* **Data**
______

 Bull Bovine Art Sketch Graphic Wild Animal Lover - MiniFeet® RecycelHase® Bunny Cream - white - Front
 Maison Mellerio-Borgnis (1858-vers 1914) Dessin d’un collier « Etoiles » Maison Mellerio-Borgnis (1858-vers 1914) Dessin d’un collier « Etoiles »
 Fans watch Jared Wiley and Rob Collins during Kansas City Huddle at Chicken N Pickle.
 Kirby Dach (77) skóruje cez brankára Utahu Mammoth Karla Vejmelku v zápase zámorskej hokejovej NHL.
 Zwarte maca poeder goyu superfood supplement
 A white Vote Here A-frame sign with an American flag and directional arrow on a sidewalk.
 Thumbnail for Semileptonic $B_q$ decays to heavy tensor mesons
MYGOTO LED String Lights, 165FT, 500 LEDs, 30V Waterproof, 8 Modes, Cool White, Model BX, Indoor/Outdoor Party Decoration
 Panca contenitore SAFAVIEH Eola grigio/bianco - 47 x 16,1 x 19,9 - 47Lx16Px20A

______

* **Exercise requirements**
Reproduce only the lines between the line containing "A white Vote" and the last line of the records, those two lines included, exactly.

* **Response area**
 A white Vote Here A-frame sign with an American flag and directional arrow on a sidewalk.
 Thumbnail for Semileptonic $B_q$ decays to heavy tensor mesons
MYGOTO LED String Lights, 165FT, 500 LEDs, 30V Waterproof, 8 Modes, Cool White, Model BX, Indoor/Outdoor Party Decoration
 Panca contenitore SAFAVIEH Eola grigio/bianco - 47 x 16,1 x 19,9 - 47Lx16Px20A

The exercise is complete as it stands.